Fato: algo terrível aconteceu com a Geração Z, nascida após 1996. Na última década, as taxas de depressão, ansiedade, comportamentos autodestrutivos e suicídios escalaram entre crianças e adolescentes, justamente os que cresceram sob o uso massivo e diário das redes viabilizado pelos smartphones. Correlação não implica causalidade, e, mesmo sendo uma causa, as redes não são a única. Mas há indícios de que, além de reforçar as outras, elas são a principal.

Algo dessa ansiedade pode refletir a ansiedade dos pais com tensões políticas e sociais. Uma cultura protecionista e a pressão por resultados deixa às crianças cada vez menos tempo para atividades livres e não supervisionadas entre si, minando o desenvolvimento de suas habilidades em cooperar, ceder, solucionar conflitos e tolerar adversidades. Essa psique fragilizada é palpável nos campi, onde universitários “cancelam” opiniões que são sentidas como “violência”.

A terceirização da educação e recreação para as telas pode ter um papel no isolamento dos jovens. Sua relação com transtornos mentais é mais incerta. Nesse sentido, as telas seriam como um novo alimento. A comida é necessária à vida; desbalanceada, é nociva. As telas seriam como açúcar, dispensável para a nutrição, mas saboroso, e, em excesso, pernicioso. Já as redes parecem ser algo mais. Não são como veneno de rato, tóxico para todos, mas mais como o álcool, uma substância medianamente viciante que facilita interações sociais, mas pode levar à dependência e depressão de uma minoria. Para jovens em desenvolvimento cerebral e emocional, alerta Murthy, as sequelas podem ser agudas.

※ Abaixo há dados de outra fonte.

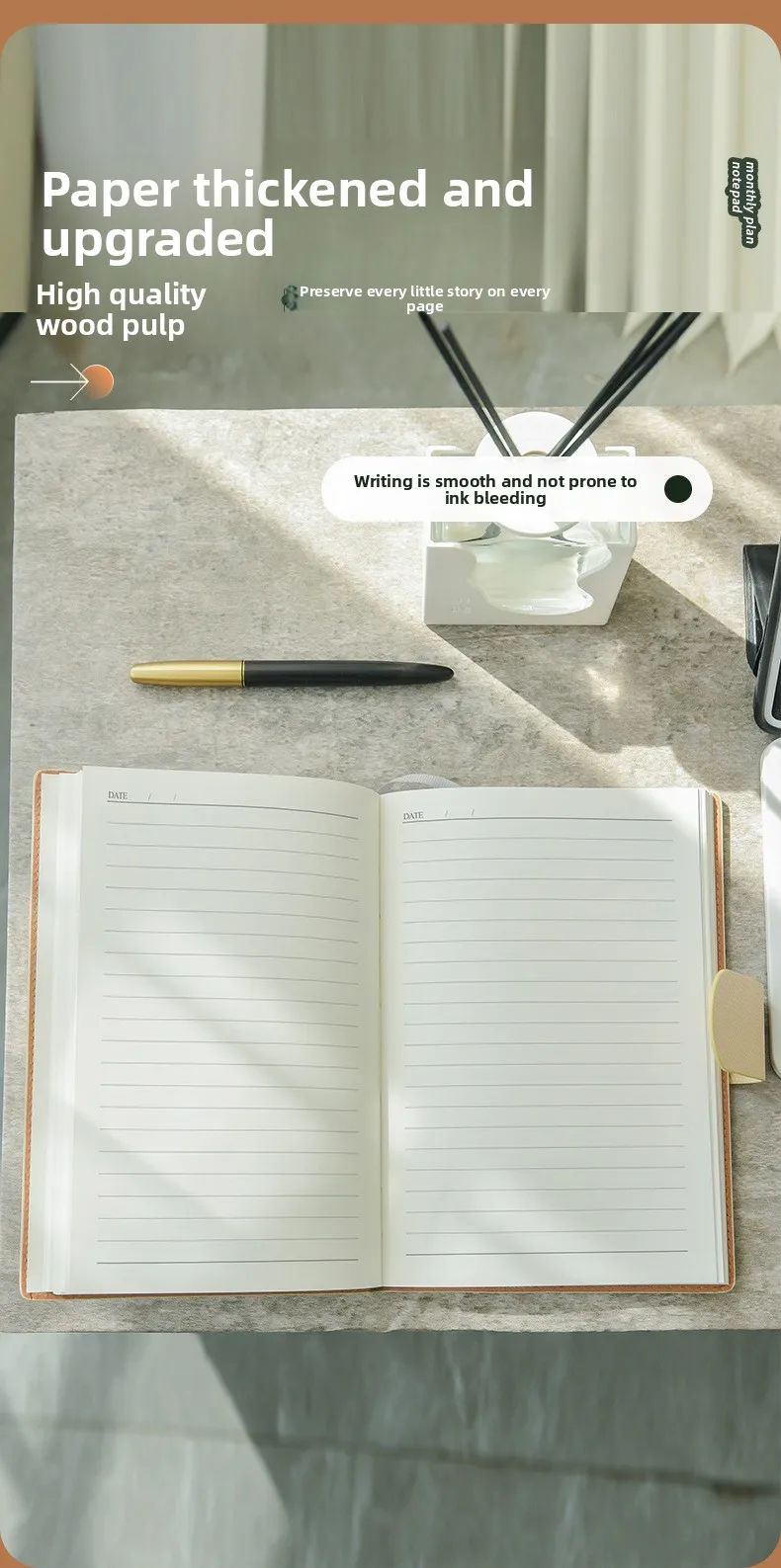 A5 Business Notebook Hardcover Faux Leather Thread-Bound Binding for Office Meetings Work, product detail 9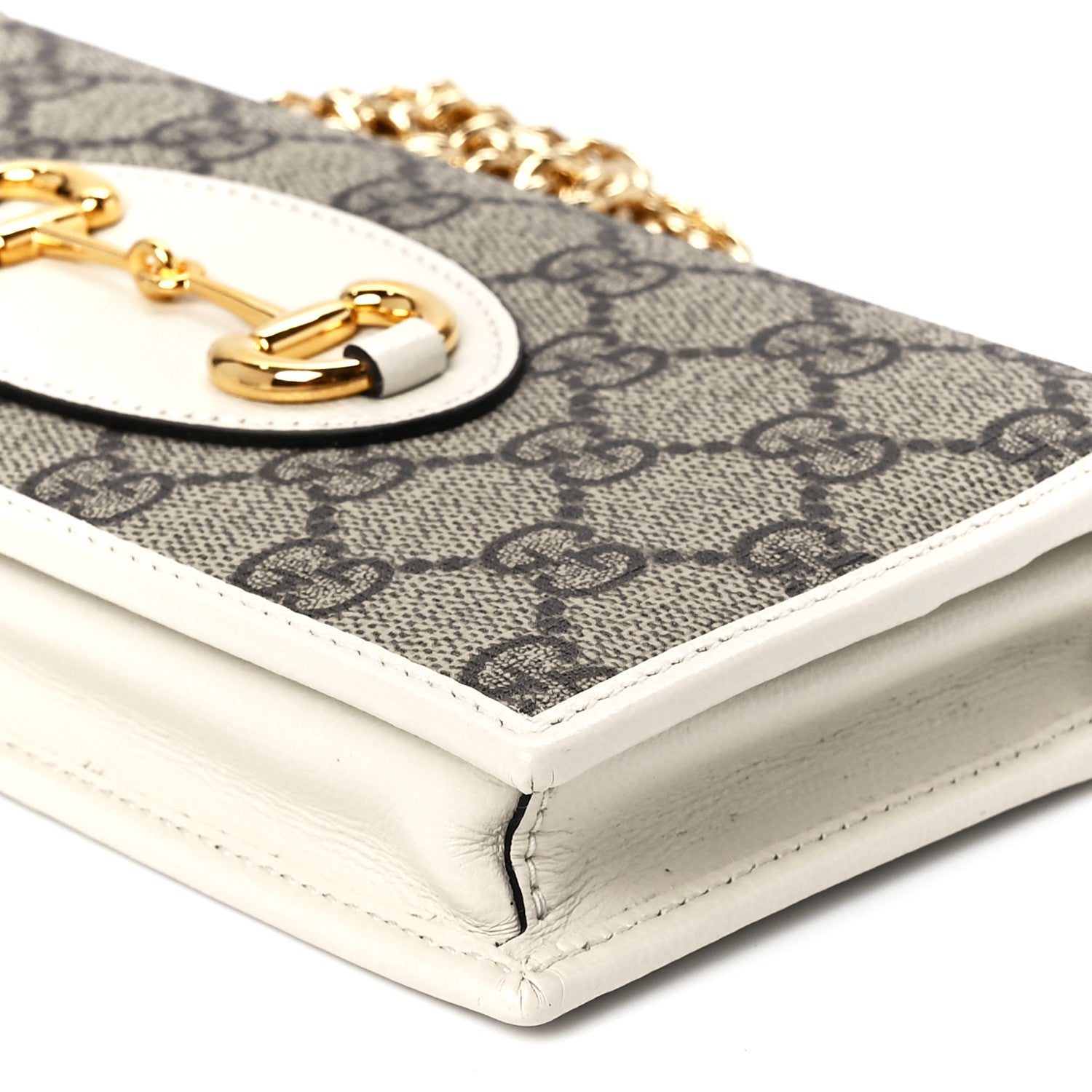 Gucci GG Supreme Monogram Azalea Calfskin Horsebit 1955 Wallet On Chain Beige Ebony Mystic White 10 of 10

Por décadas as mídias tradicionais, sob pressão social e governamental, se autorregularam para manter seu conteúdo amistoso às famílias. Isso contrasta com a anarquia online. No caso das redes, há uma novidade radical. Os usuários não são só espectadores, mas interagem com os produtores de conteúdo e, sobretudo, expõem seus conteúdos. E há o modelo de monetização: utilizando dados pessoais para maximizar o engajamento dos usuários e expô-los à publicidade, o desenho dos algoritmos estimula o vício, a agressão, conspirações e outros comportamentos antissociais.

Adolescentes são singularmente sensíveis ao julgamento de amigos e da multidão digital. “As mídias sociais parecem sequestrar esta sensibilidade aguda aos pares e induzir a um pensamento obsessivo sobre a imagem corporal e a popularidade”, advertiu o psicólogo Jonathan Haidt.

Murthy e Haidt recomendam às famílias estratégias, como confraternizações offline, e convergem em focos regulatórios que obriguem as redes a permitir que pesquisadores acessem seus dados; a dar, via controles parentais, mais poder aos pais e menos às empresas, que deveriam inclusive ser responsabilizadas por danos causados por ou a menores que utilizem perfis não autorizados por um adulto responsável; e a criar ambientes adequados às crianças, caso não consigam mantê-las afastadas. Crucial é impedir a monetização de seus dados e engajamento tal como se faz com adultos.

No mundo “real” os jovens estão sendo introduzidos no espaço público adulto cada vez mais tarde; no mundo “virtual”, cada vez mais cedo. Para piorar, a praça pública digital é controlada por corporações que, para maximizar seu lucro, estimulam a adicção e comportamentos intrusivos e performáticos numa competição por popularidade. Enquanto os adultos dessa geração avaliam as consequências desse ambiente para si, a prudência exige manter seus filhos a uma distância segura.